Web page caption snippets »

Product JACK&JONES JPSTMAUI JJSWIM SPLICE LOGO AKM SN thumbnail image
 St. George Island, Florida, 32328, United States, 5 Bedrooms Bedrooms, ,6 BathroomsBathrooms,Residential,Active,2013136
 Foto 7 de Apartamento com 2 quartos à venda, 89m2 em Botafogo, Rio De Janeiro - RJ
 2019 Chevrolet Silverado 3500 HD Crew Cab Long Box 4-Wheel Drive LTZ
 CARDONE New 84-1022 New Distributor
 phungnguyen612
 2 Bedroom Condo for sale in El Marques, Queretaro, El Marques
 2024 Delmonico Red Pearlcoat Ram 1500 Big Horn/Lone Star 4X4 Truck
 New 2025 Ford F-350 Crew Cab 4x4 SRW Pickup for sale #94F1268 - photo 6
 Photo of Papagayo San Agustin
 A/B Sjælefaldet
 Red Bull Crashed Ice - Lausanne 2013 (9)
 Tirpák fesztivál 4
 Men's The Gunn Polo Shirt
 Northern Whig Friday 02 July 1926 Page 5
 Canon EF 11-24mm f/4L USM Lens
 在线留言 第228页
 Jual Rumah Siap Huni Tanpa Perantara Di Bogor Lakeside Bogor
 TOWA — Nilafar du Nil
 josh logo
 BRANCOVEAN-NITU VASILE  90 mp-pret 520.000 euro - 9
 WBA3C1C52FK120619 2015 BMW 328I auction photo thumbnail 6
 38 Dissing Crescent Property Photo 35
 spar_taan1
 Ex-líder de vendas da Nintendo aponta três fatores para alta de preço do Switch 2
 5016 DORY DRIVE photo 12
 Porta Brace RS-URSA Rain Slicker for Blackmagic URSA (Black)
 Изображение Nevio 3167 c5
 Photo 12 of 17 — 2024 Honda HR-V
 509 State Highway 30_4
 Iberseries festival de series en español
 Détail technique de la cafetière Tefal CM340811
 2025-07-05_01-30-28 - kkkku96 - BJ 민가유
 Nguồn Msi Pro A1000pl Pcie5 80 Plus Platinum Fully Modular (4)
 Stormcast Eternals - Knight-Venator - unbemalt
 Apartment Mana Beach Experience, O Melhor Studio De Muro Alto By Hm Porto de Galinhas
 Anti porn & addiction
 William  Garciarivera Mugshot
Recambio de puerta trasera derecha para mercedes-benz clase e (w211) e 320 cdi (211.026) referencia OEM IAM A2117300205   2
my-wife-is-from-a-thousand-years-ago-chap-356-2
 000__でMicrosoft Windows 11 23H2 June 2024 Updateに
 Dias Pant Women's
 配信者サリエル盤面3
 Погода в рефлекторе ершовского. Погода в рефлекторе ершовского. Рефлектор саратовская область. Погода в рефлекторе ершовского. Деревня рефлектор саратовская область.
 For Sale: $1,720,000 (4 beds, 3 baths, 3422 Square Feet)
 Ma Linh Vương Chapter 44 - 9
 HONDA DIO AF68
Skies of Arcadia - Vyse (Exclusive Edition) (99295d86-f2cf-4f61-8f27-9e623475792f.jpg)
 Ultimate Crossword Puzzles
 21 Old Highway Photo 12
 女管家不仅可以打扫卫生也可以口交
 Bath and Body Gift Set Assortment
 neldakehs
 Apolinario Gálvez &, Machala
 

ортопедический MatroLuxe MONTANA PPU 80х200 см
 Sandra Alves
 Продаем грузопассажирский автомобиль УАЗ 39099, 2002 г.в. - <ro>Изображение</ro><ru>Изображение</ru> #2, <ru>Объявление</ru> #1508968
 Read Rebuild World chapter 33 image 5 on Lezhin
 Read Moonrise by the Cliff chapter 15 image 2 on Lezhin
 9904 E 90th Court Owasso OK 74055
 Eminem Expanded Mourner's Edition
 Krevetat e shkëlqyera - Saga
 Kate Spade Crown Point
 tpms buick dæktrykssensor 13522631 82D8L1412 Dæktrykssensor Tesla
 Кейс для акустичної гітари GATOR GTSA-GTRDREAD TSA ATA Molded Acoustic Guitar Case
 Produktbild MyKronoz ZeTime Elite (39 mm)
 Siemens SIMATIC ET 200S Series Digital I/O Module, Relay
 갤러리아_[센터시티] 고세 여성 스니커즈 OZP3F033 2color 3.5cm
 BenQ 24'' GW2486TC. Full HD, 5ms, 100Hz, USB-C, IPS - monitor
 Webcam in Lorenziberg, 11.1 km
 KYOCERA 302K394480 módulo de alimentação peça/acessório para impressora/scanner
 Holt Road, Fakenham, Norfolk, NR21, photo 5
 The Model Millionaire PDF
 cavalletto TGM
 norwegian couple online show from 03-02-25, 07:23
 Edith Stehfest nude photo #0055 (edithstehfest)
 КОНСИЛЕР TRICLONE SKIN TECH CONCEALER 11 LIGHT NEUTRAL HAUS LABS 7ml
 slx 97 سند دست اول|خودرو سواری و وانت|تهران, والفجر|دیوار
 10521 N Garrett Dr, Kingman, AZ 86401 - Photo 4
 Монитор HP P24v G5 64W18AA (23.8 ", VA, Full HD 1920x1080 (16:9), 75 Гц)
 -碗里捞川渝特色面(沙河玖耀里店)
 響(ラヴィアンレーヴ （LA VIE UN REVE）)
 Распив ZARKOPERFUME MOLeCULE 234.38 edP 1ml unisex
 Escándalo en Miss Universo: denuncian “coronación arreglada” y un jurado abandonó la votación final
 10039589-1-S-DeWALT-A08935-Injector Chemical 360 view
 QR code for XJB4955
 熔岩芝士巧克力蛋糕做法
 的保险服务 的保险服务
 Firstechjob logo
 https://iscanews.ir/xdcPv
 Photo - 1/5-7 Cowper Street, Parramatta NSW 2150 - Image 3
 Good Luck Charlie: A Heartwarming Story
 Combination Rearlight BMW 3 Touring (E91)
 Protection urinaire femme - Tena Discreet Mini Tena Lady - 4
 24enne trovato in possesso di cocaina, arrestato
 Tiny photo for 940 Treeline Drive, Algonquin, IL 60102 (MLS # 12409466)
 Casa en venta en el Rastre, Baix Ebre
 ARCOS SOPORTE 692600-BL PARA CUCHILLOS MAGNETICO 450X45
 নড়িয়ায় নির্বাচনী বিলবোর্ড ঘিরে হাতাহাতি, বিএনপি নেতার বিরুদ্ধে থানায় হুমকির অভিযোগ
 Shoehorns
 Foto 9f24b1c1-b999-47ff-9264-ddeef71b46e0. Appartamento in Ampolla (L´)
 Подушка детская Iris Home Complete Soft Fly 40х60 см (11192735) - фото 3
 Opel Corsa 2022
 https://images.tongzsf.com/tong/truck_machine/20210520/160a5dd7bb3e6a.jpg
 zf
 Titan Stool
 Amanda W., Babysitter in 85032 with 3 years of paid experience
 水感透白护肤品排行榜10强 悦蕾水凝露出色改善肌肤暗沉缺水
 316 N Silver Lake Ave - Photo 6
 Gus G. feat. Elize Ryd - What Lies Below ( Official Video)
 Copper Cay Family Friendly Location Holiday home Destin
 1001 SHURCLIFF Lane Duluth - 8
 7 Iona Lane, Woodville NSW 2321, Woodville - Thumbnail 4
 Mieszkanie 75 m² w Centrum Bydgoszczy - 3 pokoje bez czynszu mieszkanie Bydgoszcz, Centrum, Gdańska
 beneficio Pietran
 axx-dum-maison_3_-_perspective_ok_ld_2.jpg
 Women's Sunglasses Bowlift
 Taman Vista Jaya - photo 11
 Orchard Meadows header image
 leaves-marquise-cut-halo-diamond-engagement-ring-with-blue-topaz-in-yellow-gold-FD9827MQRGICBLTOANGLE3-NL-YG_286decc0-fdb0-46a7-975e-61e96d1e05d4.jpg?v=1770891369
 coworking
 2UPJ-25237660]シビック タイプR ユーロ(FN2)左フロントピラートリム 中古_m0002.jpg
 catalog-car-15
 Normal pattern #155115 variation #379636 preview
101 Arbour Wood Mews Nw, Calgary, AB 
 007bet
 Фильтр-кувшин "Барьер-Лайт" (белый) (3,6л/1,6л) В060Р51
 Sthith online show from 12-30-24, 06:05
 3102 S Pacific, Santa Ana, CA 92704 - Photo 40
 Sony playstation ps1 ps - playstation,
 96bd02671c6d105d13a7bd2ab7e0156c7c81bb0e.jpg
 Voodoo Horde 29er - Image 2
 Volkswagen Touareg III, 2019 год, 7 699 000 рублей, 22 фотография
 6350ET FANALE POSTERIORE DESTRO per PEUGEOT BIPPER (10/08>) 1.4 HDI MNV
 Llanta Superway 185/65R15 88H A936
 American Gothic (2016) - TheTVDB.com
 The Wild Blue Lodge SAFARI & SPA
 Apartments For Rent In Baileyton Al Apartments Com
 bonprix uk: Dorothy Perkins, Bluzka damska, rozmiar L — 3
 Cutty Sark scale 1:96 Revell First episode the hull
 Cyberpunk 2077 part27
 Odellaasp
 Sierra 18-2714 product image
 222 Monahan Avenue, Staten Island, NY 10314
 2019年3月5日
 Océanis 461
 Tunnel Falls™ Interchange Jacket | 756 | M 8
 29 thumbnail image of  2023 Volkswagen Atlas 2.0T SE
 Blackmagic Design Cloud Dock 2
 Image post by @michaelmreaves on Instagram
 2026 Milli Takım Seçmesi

Task prompt » Retype exactly the lines from the first line of the records above through the line containing "Tirpák fesztivál 4", both included, and nothing else.

Written reply »
Product JACK&JONES JPSTMAUI JJSWIM SPLICE LOGO AKM SN thumbnail image
 St. George Island, Florida, 32328, United States, 5 Bedrooms Bedrooms, ,6 BathroomsBathrooms,Residential,Active,2013136
 Foto 7 de Apartamento com 2 quartos à venda, 89m2 em Botafogo, Rio De Janeiro - RJ
 2019 Chevrolet Silverado 3500 HD Crew Cab Long Box 4-Wheel Drive LTZ
 CARDONE New 84-1022 New Distributor
 phungnguyen612
 2 Bedroom Condo for sale in El Marques, Queretaro, El Marques
 2024 Delmonico Red Pearlcoat Ram 1500 Big Horn/Lone Star 4X4 Truck
 New 2025 Ford F-350 Crew Cab 4x4 SRW Pickup for sale #94F1268 - photo 6
 Photo of Papagayo San Agustin
 A/B Sjælefaldet
 Red Bull Crashed Ice - Lausanne 2013 (9)
 Tirpák fesztivál 4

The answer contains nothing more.